Wet July weather threatens to cause trouble in the Willamette Valley
By MITCH LIES
Willamette Valley farmers are getting nervous as July rains are backing up harvest schedules on grass seed and wheat and threatening to reduce yields and quality.
"Hopefully this crazy thing is going to get over shortly," Tangent, Ore.-area grower Dennis Glaser said about the rain July 19, "and we are going to get on with harvest."
Among other concerns, growers this week were worried that higher-than-normal July rainfall risks sprout damage to the valley's massive wheat crop.
"I'm pretty nervous about some of the early maturing varieties," said Jerry Marguth, a south valley grower.
The closer a wheat crop is to harvest, the more potential for rain to cause sprout damage, said Mike Flowers, Oregon State University Extension cereals specialist.
"We really need some nice, warm, non-humid weather," Flowers said.
"We are sitting on one of the largest wheat crops in the valley since the 1970s," said Mark Mellbye, Linn County extension agent. "We need things to get dry."
Mellbye and Flowers pegged the valley wheat crop at above 200,000 acres.
Statewide, above 1 million acres are planted to wheat.
Growers typically receive lower prices for wheat with sprout damage.

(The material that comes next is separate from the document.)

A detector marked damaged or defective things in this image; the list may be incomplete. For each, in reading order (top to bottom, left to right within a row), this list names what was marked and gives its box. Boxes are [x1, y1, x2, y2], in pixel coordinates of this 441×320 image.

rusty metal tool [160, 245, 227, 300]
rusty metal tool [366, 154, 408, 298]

Severely damaged wheat won't qualify for the flour market and is sold for feed.
Grass seed isn't as susceptible to sprout damage, but it, too, is under threat of preharvest sprout if rains continue, Mellbye said.

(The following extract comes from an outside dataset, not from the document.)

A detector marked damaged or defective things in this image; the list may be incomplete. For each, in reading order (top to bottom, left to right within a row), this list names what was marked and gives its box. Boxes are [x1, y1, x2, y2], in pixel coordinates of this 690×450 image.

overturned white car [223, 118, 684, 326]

In cases where growers have swathed crops, seed shatter and regrowth also threaten to reduce yields.
"If things don't improve in the next few days, we could have a serious problem," said Tim Van Leeuwen, an Albany-area grower, who had tall fescue sitting in windrows for upwards of two weeks as of July 19. "The next couple of days are getting pretty critical on the grass seed."
The National Weather Service reports that three-quarters of an inch of rain fell in July through July 18 at Salem -- a third of an inch above normal -- with most of it concentrated between July 12 and July 17.
More rain was predicted to fall through July 20.